Re: [RFC, PATCH 1/3] introduce SYS_CLONE_MASK

From: Eric W. Biederman
Date: Tue May 29 2007 - 00:55:09 EST


"Albert Cahalan" <acahalan@xxxxxxxxx> writes:

> Jan Engelhardt writes:
>> On Apr 10 2007 17:47, Jan Engelhardt wrote:
>>> On Apr 8 2007 20:57, Oleg Nesterov wrote:
>
>>>> Anyway, re-parenting to swapper breaks pstree, it doesn't
>>>> show kernel threads. And if ->parent == /sbin/init, we can't
>>>> remove us from ->children (unless we forbid sub-thread-of-init
>>>> exec). So the only safe change is set ->exit_state = -1.
>>>
>>> Then we have to fix pstree and all that. (In fact, I'm
>>> trying to patch `ps f` to DTRT ;p)
>>
>> Done that and the result is that `ps afwx` now looks like:
>>
>> PID TTY STAT TIME COMMAND
>> 2722 ? S 0:00 [lockd]
> ...
>> 3 ? S< 0:00 [events/0]
>> 2 ? SN 0:00 [ksoftirqd/0]
>> 1 ? Ss 0:02 init [3]
>> 537 ? S<s 0:02 \_ /sbin/udevd --daemon
>> 1600 ? Ss 0:00 \_ /usr/bin/dbus-daemon --system
>> 1692 ? Ss 0:00 \_ /sbin/acpid
>> 1923 ? Ss 0:00 \_ /sbin/resmgrd
> ...
>> - if(self_pid==1 && ADOPTED(processes[i]) && forest_type!='u')
>> + if(ADOPTED(processes[i]) && forest_type!='u')
>
> That's not compatible because init's children are now in the
> logical place. Since the days of procps-1.x.x or earlier,
> such processes have been listed at top level.
>
> BTW, what does "ps -ejH" do for you, with and without the patch?

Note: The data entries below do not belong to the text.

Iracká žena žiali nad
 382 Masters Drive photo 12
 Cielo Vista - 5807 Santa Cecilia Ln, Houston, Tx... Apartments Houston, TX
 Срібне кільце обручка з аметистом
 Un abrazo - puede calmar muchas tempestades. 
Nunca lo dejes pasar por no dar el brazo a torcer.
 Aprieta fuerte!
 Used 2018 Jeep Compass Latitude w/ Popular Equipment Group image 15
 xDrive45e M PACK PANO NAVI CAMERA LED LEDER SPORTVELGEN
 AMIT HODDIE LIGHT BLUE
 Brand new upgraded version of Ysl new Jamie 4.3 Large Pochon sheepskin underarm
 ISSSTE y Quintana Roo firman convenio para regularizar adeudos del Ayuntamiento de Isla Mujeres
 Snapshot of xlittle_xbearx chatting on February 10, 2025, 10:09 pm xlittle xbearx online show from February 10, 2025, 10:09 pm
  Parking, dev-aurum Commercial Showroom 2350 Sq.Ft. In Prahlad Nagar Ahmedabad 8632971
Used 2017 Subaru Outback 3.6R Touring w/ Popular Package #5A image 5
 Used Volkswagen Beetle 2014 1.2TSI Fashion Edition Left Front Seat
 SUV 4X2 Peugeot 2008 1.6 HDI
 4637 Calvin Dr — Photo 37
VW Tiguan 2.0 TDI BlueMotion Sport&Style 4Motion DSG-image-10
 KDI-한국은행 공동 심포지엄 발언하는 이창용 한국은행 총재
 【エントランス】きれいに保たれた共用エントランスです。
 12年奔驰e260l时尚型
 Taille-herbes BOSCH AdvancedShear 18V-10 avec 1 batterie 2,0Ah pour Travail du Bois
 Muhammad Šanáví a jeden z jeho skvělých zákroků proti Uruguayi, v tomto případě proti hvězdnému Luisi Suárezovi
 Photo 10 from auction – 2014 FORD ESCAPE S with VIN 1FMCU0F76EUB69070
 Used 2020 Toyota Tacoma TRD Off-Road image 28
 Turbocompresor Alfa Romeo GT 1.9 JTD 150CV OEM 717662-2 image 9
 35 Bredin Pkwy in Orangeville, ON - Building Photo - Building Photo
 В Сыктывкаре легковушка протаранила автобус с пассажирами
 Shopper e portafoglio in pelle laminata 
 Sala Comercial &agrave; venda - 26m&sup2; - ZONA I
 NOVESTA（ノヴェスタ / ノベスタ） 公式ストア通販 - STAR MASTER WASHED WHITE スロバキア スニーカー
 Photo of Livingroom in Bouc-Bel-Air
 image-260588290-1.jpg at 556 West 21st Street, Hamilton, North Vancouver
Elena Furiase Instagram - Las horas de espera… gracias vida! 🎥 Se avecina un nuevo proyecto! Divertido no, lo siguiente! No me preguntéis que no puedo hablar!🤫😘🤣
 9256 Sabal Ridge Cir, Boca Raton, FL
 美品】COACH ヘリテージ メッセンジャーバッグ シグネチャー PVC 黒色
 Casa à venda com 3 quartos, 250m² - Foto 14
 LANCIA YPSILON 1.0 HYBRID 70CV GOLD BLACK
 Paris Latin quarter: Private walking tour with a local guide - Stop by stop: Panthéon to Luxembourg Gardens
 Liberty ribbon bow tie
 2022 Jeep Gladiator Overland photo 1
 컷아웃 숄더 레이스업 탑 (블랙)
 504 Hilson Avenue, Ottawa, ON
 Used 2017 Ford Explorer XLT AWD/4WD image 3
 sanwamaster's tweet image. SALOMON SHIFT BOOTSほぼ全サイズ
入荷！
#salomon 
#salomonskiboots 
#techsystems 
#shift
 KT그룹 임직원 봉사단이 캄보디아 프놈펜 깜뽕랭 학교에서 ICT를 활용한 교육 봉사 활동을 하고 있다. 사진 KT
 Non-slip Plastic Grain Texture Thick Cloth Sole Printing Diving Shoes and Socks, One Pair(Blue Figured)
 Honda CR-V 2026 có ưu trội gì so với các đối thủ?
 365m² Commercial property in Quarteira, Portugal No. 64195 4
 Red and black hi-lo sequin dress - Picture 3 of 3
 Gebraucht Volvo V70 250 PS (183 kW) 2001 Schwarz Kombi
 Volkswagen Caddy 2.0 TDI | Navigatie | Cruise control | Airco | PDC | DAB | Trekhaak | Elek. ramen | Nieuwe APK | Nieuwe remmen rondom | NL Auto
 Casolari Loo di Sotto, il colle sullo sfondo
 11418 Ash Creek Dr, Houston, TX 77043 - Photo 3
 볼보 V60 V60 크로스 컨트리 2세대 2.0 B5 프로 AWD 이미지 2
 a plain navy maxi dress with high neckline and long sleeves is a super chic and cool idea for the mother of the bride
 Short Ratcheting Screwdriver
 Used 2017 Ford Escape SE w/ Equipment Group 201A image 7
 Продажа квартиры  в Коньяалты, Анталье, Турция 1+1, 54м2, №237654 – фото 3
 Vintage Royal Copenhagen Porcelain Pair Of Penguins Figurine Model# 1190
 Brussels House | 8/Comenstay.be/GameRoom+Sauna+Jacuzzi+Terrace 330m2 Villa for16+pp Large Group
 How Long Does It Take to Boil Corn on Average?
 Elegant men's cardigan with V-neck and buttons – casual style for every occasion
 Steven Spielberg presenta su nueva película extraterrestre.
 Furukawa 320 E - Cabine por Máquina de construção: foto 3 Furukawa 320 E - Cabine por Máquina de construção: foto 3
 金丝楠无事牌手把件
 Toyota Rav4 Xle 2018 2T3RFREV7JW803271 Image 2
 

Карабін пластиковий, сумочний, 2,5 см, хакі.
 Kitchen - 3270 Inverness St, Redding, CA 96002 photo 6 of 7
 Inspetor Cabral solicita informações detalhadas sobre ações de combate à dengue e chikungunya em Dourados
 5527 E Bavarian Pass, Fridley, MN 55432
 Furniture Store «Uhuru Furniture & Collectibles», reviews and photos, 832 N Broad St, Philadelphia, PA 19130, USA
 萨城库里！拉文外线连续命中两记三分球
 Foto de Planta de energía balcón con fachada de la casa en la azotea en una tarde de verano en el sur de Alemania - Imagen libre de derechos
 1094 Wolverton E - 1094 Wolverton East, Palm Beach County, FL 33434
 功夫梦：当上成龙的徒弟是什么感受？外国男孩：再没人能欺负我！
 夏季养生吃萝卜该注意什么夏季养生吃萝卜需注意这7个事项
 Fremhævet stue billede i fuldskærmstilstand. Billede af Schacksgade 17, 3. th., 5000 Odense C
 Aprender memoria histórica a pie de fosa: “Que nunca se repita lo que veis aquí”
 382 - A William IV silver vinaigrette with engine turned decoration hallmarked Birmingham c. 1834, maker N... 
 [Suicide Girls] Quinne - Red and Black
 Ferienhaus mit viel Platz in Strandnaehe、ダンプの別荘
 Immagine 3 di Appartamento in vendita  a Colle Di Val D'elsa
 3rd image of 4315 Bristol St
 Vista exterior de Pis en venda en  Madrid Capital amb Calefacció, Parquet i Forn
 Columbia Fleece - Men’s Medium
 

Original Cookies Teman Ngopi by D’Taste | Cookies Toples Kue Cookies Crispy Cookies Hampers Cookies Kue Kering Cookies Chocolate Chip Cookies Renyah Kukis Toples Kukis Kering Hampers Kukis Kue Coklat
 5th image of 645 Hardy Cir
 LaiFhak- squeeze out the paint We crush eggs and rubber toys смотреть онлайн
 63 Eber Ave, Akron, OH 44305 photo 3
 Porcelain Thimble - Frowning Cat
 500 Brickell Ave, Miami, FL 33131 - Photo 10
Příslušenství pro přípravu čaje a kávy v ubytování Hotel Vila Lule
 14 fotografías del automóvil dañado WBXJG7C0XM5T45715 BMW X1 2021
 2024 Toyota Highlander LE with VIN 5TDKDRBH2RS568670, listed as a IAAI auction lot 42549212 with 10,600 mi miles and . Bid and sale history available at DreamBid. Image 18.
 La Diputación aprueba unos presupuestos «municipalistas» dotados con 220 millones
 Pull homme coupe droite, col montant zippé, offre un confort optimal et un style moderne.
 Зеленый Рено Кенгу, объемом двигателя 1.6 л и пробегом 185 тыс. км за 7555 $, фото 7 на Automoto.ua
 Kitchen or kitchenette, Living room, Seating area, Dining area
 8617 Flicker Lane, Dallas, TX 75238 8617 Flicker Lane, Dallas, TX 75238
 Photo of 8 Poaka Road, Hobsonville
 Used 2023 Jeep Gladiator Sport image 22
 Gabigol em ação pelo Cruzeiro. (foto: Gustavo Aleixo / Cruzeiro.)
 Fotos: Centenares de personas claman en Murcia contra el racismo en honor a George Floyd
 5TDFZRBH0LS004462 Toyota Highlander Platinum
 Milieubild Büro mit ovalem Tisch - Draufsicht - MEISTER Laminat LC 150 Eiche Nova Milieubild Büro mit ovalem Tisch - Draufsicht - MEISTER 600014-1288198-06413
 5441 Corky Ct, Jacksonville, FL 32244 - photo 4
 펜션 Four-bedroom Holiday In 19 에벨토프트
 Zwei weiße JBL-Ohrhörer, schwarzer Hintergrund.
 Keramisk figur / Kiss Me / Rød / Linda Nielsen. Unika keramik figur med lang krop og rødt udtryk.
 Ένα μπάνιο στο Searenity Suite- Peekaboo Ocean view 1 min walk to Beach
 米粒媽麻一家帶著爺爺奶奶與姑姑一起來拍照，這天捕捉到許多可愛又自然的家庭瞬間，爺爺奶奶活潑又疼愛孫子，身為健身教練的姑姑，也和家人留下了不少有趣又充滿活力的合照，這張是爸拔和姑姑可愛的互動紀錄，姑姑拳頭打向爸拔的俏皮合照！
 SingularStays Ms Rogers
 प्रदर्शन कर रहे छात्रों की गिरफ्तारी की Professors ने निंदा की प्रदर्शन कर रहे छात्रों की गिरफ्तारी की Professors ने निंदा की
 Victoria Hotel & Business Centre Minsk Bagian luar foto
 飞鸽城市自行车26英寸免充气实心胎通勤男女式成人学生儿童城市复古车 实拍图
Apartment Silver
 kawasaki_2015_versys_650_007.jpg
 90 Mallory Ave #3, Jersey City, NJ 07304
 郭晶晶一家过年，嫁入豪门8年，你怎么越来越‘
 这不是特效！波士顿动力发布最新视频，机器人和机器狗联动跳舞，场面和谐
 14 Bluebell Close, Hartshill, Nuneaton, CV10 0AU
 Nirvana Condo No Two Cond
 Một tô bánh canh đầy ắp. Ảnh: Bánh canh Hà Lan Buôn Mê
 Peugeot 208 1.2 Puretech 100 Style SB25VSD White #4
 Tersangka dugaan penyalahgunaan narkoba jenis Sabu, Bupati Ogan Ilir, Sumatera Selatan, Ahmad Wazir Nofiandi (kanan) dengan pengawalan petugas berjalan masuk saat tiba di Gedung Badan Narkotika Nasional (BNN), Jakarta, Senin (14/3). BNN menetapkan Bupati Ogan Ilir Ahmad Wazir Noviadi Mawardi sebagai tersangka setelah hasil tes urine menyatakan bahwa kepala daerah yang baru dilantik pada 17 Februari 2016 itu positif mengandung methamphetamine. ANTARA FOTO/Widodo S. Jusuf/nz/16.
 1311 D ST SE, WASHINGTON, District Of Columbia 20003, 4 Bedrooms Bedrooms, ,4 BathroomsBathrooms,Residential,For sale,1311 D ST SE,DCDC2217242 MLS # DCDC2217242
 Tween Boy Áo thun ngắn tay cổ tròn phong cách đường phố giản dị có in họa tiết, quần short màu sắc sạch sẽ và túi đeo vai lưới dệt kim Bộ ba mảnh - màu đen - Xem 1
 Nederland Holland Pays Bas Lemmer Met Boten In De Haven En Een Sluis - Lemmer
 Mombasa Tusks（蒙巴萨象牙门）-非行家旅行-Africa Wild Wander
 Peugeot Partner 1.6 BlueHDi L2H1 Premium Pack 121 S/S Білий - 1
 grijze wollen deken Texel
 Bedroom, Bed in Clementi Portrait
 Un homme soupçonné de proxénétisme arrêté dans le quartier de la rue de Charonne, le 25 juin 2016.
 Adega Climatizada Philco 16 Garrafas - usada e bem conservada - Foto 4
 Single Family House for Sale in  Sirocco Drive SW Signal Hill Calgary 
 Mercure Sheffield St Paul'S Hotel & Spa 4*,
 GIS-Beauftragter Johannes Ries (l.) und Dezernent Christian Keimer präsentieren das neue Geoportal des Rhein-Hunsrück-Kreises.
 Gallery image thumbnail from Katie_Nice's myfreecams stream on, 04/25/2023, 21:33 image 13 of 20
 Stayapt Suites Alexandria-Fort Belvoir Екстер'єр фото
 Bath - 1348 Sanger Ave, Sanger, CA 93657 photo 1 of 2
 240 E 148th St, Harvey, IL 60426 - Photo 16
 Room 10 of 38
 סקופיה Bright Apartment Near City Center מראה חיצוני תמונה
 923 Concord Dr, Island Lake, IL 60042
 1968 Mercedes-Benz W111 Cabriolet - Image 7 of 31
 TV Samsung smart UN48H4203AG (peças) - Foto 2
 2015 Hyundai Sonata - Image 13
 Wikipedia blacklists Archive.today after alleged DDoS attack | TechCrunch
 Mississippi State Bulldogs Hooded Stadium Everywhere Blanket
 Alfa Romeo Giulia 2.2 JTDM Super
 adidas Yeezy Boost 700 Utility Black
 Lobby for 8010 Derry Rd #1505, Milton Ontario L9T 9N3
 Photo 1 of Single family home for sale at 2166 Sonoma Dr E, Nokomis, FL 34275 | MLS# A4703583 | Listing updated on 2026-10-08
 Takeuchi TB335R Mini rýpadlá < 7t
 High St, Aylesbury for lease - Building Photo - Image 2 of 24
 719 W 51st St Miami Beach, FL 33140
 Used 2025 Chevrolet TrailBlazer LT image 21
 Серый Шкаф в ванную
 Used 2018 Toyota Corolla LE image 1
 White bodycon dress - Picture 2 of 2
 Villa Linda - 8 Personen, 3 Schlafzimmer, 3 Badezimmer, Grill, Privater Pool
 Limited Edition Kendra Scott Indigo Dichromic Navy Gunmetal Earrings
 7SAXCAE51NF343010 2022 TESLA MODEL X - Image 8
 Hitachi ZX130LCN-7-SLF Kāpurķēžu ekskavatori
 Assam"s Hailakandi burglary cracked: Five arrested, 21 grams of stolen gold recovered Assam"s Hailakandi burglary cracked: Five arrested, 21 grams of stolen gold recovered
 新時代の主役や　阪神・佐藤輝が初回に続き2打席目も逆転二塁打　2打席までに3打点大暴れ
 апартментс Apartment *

ps -ejH displays everything. For 2.6.22 we will only have kthreadd
as a sibling of init with ppid == 0. Depending on what happens
in the evolution of how we start kernel thread we may be able
to remove kthreadd and have all kthreads with a ppid of 0, but only
time will tell.

> I'd be a lot happier about breaking compatibility in this area
> if I could get a functional adoption flag. That is, I really
> would like to show a process as child of init if it naturally
> was created as a child of init. It's less informative to have
> fake children showing up the same as real ones. The original
> parent PID would do. (BTW, the original parent name and/or
> grandparent PID would be great to have) As a bonus, the kernel
> could reap these processes more quickly than init can... and
> then maybe we can stop caring if init is alive.

Having the kernel not reparent user processes to init is an interesting
idea, especially when those processes have not existed. I'm not
certain that is POSIX complaint and otherwise backwards compatible.